Title: Those we Watch
Word Count 865
Disclaimer Not mine
Those We Watch
4 Bells, Afternoon watch
Mr Bracegirdle raised his watch.
His voice was a deep shout, quite unlike his usual affable tone. This was meant to carry through smoke and fire. It was meant to hearten men, to bring obedience forth from confusion.
They stopped moving, stood dripping sweat, smiling. They knew they had done well.
The air was shivering with the ghost of the cannon now. This was silence that felt like sound.
“Very well done lads.” He said. The cannon was hot to the touch. They stood back from it, leaning against the bulkhead, sweating.
“ A twenty second improvement,” Mr Bracegirdle held the watch high.
“Now there is a good gift to help Mr Hornblower recover,” He said “He will hear of it tonight. And I shall tell him that his division is one to be proud of. You men are dismissed.”
The men of Hornblower's division streamed away, toward the cooler air of the deck. Bracegirdle was still smiling, as he turned to the man standing beside him. He spoke to Kennedy, but pitched his voice to carry to everyone.
“We beat you this time, Mr Kennedy,” He said. “But not by much, you almost had us, By God.”
Kennedy, in turn, dismissed the men of his division. They were laughing as they left, glad to leave cannon drill behind them.
Mr Bracegirdle had a mild gaze. His eyes were a faded blue, they were forgettable. They suggested the gentle herbivore. He had known for years that he could rake with them, without causing alarm or offense. He did this now. He missed nothing
Mr Kennedy was soaked with sweat, exhausted. His hair hung wet, lank over his face, smuts of soot were wiped across the bridge of his nose. His own watch, was a lovely heavy thing, , better than Bracegirldle's own. He held it, forgotten, in his hand. These things were usual. Bracegirdle thought nothing of them. But he made a particular note of other things. There were brackets around Archie Kennedy's mouth, there was a fine tremor to his jaw, his lips were pressed together, white.
John Bracegirdle said nothing of this.

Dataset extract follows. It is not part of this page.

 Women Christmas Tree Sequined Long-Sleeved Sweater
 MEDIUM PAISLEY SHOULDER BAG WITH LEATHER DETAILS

He would speak of it later, but not to Archie Kennedy.
5 Bells, Afternoon Watch.
Captain Pellew looked up from his desk. His smile was wry. Captaincy was paperwork, days of it. Bracegirldle had said once, that he believed that all the papers would be a boon to future Naval historians. Pellew strongly doubted that. He hoped that the unknown future would not be so dull. He understood, of course, the need for documenting. But he did not have to like it. Sometimes at night, he dreamed, not of his wife, or the sea, but of endless writing. He saw, behind his own closed eyes, his own small black script, going on and on to the edge of vision.
Bracegirldle closed the door and stood waiting.
“Sit down,” Pellew indicated a chair. His own gaze was dark brown, intelligent and penetrating. But it had been years and years since he had underestimated Bracegirldle.
“I am of two minds here, I find.” Pellew said at last. “What is your sense of it?”
John Bracegirdle nodded. “I think – yes.” He said. “We can manage. And it would be a kindness. Shall I pass the word for him?”
“No.” Captain Pellew pushed his writing aside. “I'll go down myself, presently.”
2 Bells, Dogwatch
Horatio was sleeping more easily now, than this morning. His head was turned away from the light, but Archie could see the grey-green shadows beneath his closed eyes. He was still rasping when he breathed, and he was thinner.
Archie pushed the dark hair back, to feel the fever. Yes, cooler. Horatio whimpered sleepily at the touch, Archie took his hand away. He heard himself murmur some soothing nonsense. It was something from his own days as a sick little boy, nothing he would admit to in the real day, but it seemed to help Horatio rest.
He pulled the blanket up, careful not to jostle Horatio's arm. He would watch and read, for a while. He had just settled in his hammock when a quiet knock came, at the door.
“No, no, as you were, Mr Kennedy.” Captain Pellew filled the doorway, but he was very quiet as he came into the room.
“How is he today?”
“A little better, I think, Sir.”
As Archie had done, the Captain reached out. He pushed the dark hair back, and rested his hand on Horatio's brow.
Sensing some strangeness, Horatio's eyes opened. They were bleary and confused. He was not awake.
“Father?” He whispered. The dark eyes spilled with tears.
Captain Pellew cleared his throat. He pushed the hair back again, in something very like a caress.
“A father, indeed, but not yours, lad.” He said. “Just your old Captain.”
He cleared his throat again, and turned to face Archie. His voice was soft.